Diocesan Native Female Training School (DNFTS, Chinese: 曰字樓女館) was a school under the Anglican Church of Hong Kong in the 19th century, founded in 1860 and closed down in 1868. Its premises now belong to today's Bonham Road Government Primary School(般咸道官立小學). In 1869, another institution called Diocesan Home and Orphanage (DHO, later renamed Diocesan School and Orphanage, and now known as Diocesan Boys' School) was founded in the same place. Due to the obvious differences in founding groups, vision of education, personnel arrangement and students’ background, DNFTS has been regarded only as a forerunner, and called ‘the First Foundation’ by DHO and later DBS. Using 1869 as its founding year, DBS calls itself ‘the Second Foundation’. As for Diocesan Girls' School, founded in Rose Villas near DSO in 1899, it claims to be the successor of DNFTS and traces the founding year back to 1860.
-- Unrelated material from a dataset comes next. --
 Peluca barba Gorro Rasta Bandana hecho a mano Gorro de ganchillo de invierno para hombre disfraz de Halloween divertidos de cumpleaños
In 1860, DNFTS was co-founded by the Society for the Promotion of Female Education in the Far East (FES) and Lady Lydia Smith, the wife of the first Bishop of Victoria, with Lady Robinson, the wife of the governor, as the patroness. The school aimed to provide Christian education to the local females. The students were trained to be teachers of English and missionaries, and supposed to be future Christian wives of the graduates of St. Paul's College, Hong Kong, the largest school under the Anglican Church. In those days, the converted male students of St. Paul’s usually faced the problem of marrying ‘heathen’ women. It was expected that the founding of DNFTS could alleviate this difficult situation.
Around 1860, DNFTS appealed for teachers to serve in. Ms. Susan Baxter, an English lady, responded the call and left for Hong Kong in April. On arrival she learnt that the local ladies’ committee had already appointed a teacher to the position she hoped to fill, and the mission of DNFTS was somewhat different from her expectation, so she set up several vernacular schools herself. In 1862, Ms. M.A.W. Eaton was appointed as the superintendent of DNFTS, while a concrete house was built up in a paddy field by the Bonham Road in the same year. Teaching, boarding and all the activities were accommodated there.